PMA Food Bank donation 2019

Dalmeny stressed that food banks aren't the answer

Food and agriculture advocacy group Sustain has called on government to release funds to help eradicate household food insecurity amid the deepening coronavirus crisis.

Where access to food is concerned the charity said its two biggest concerns were that people who don’t have enough money receive funds to buy food, and that if a person can’t leave the house to get food (because they are ill, old, disabled, medically vulnerable, self-isolating or caring for others), then somebody needs to know about this and deliver food to them in a safe way.

In a blog post, the group’s chief executive Kath Dalmeny, wrote: “Food banks have never been the answer, but with coronavirus this becomes far clearer.

“During Coronavirus, we cannot knowingly create a situation in which large numbers of people are forced to congregate at food banks to receive emergency food aid.

“And in any case, food banks cannot meet existing need, let alone a large and sudden increase, and are often run by older volunteers who may soon themselves need to self-isolate.”

She called on the Treasury and the Department for Work and Pensions (DWP) to “act immediately, to enable low-income households have the financial resilience to be able to self-isolate, and to relieve avoidable overwhelming pressure on local authorities and frontline charities.”

Her demands on the government were for it to:

- Suspend the five-week wait for Universal Credit and make the advance payment a grant, not a loan.

- Up-rate child benefit immediately when schools close to cover the cost of children’s food, to enable families to buy what they need, and suspend the two-child limit. Charities and academics are already calling for cash transfers to help families cope with school closures.

- Ensure there is adequate financial support available to people with the status of 'no recourse to public funds' so that they can afford to follow self-isolation advice.
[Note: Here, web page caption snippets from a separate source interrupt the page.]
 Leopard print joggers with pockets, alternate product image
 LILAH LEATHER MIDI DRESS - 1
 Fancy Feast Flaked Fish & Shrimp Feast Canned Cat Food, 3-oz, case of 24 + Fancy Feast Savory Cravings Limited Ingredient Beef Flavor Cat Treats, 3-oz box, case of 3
- Make sick pay available to freelancers, temporary workers, those who are self-employed and those on zero-hour contracts.

- Pay cash grants to frontline charities that, alongside their main work, provide meals for especially vulnerable people, so that the charities can buy the food they need – for example, homeless shelters and domestic violence refuges.
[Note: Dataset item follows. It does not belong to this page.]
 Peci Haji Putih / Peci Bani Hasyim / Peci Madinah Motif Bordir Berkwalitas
- Give local authorities and other frontline public-sector providers sufficient money to make crisis grants or welfare assistance schemes to households in need – the £500 million Hardship Fundmade available in the chancellor’s budget could be a good start, if ring-fenced to help low-income households.

- Consider other ways to maximise household financial resilience, for example by capping or freezing utility bills, as done in Italy.

Relieved of the need to provide food for a large number of low-income households, she said local authorities, Local Resilience Forums (LRFs) and voluntary sector organisations could then focus their efforts on helping millions of older people and those with pre-existing health conditions.

Dalmeny stressed that public services and charities would be overwhelmed unless the DWP and Treasury inject money to help tens of thousands of households afford food.

At a micro level, communities are already starting to organise through social media to identify vulnerable individuals in their area and support them by delivering food and prescriptions.

“There are encouraging ideas for buddying schemes, shopping for others, and emerging ideas for the use of school kitchens and community centres to batch-cook meals for delivery,” said Dalmeny.

“We need action at both macro and micro level for this crisis response ecosystem to function well.”